START Source data

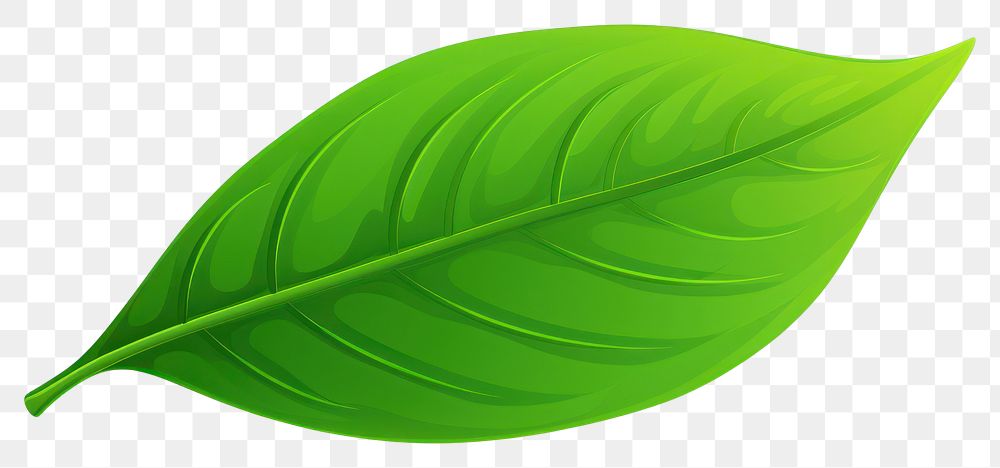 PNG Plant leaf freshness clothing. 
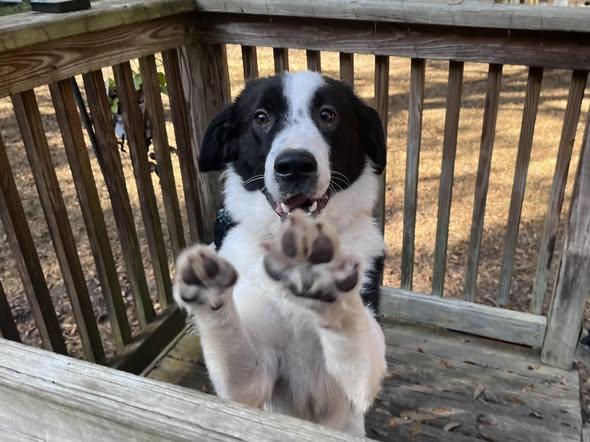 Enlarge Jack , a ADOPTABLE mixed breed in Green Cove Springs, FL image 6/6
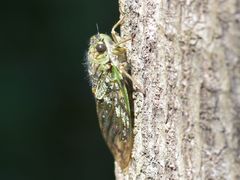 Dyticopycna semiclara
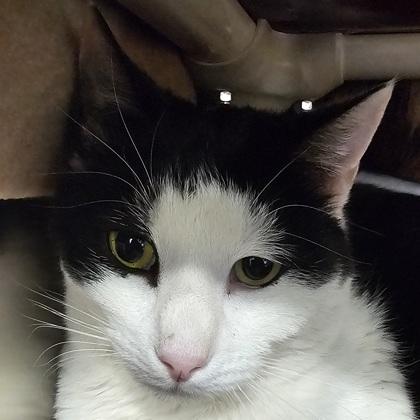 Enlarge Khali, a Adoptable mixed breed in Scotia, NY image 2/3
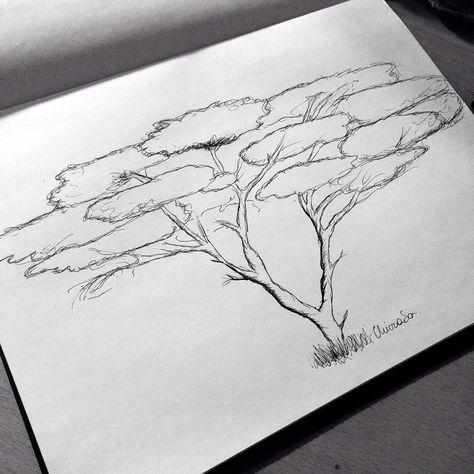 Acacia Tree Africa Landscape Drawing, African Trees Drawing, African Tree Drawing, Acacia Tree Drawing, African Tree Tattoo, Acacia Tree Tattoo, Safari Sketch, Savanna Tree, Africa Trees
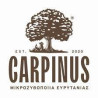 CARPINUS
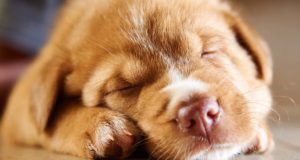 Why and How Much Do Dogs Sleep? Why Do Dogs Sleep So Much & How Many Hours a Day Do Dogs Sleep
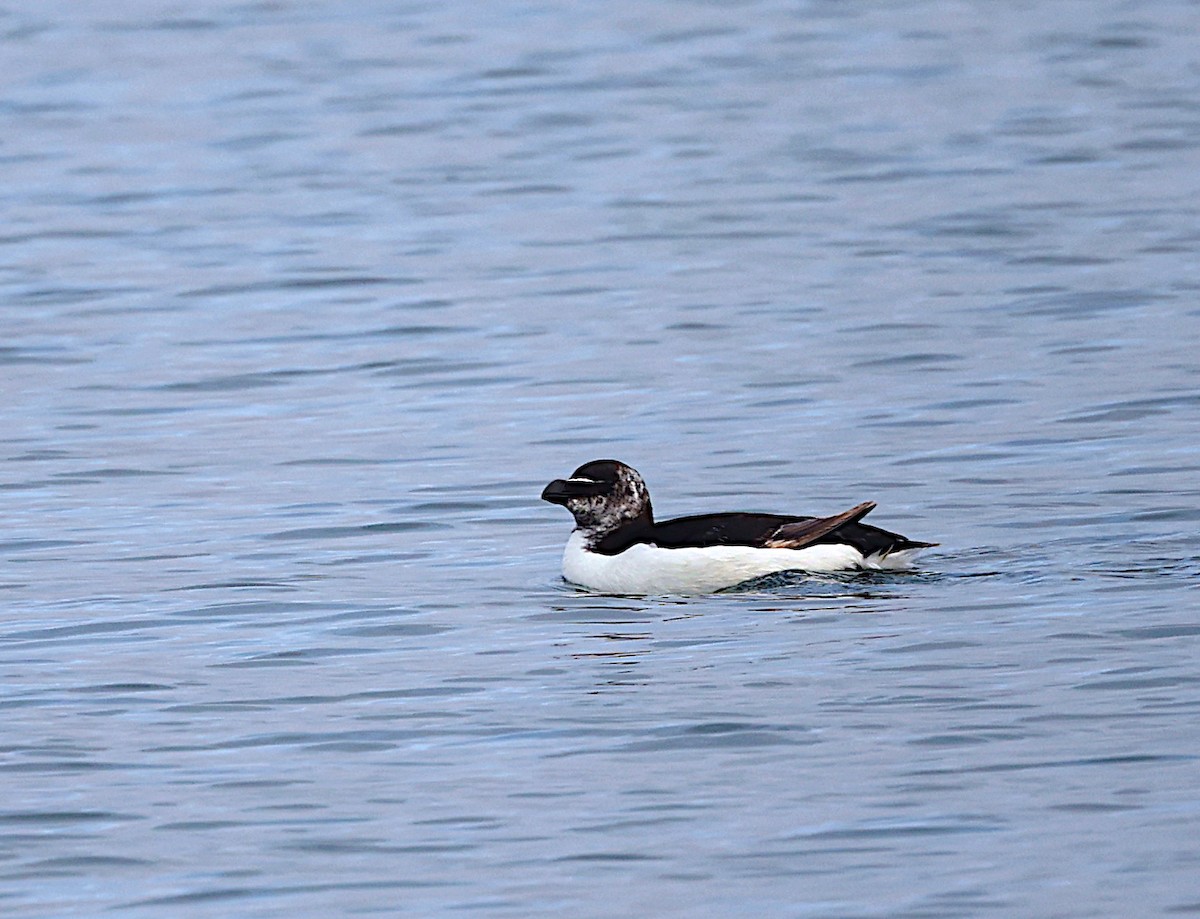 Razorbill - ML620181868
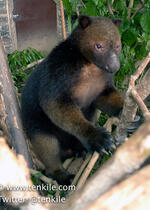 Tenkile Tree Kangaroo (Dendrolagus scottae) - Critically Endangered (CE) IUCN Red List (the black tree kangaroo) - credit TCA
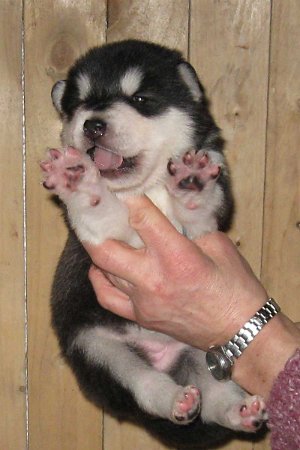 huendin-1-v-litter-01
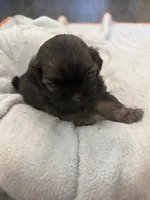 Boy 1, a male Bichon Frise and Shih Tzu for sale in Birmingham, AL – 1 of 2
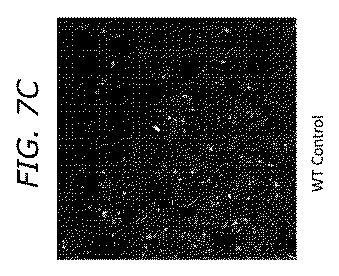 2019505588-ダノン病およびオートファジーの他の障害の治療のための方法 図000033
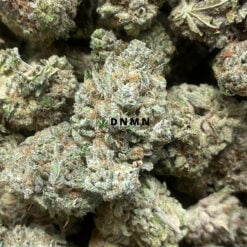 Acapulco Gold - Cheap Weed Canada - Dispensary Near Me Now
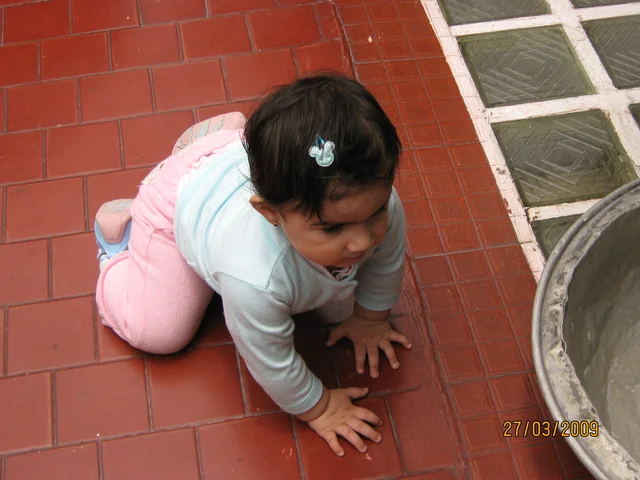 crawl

END Source data
START Source data

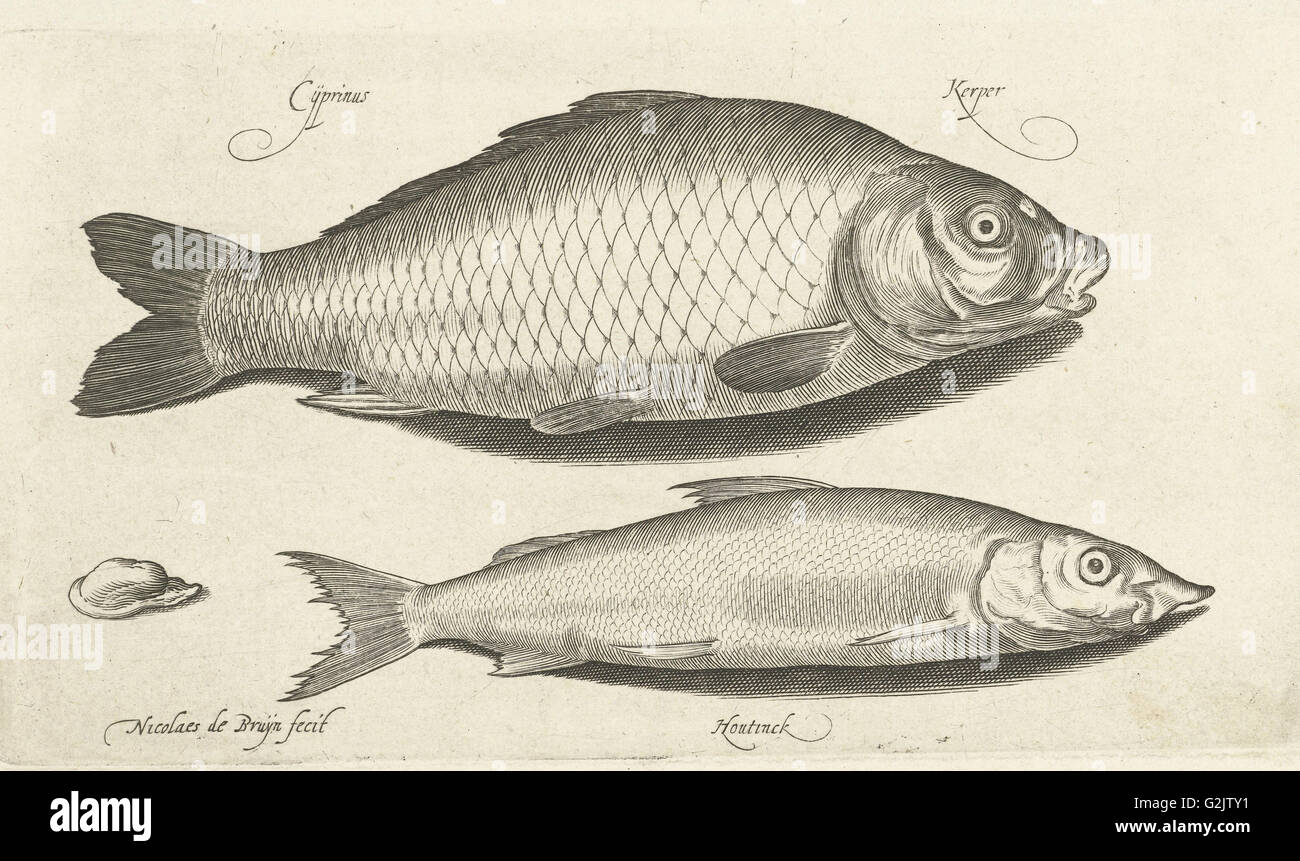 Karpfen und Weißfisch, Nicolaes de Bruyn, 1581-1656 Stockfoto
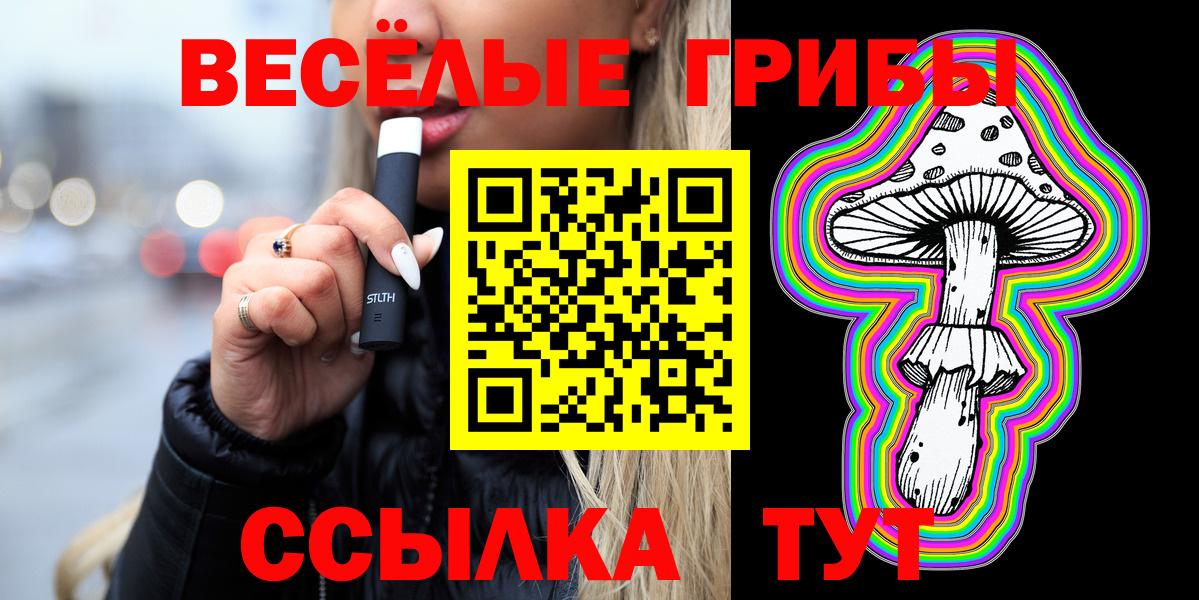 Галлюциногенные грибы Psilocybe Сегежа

END Source data

▸ Brief
Going back to the data above, write out everything from the line with "PNG Plant leaf freshness clothing." down to the line with "Enlarge Khali, a", both included, leaving every picture out.

▸ Response to this task
 PNG Plant leaf freshness clothing. 
 Enlarge Jack , a ADOPTABLE mixed breed in Green Cove Springs, FL image 6/6
 Dyticopycna semiclara
 Enlarge Khali, a Adoptable mixed breed in Scotia, NY image 2/3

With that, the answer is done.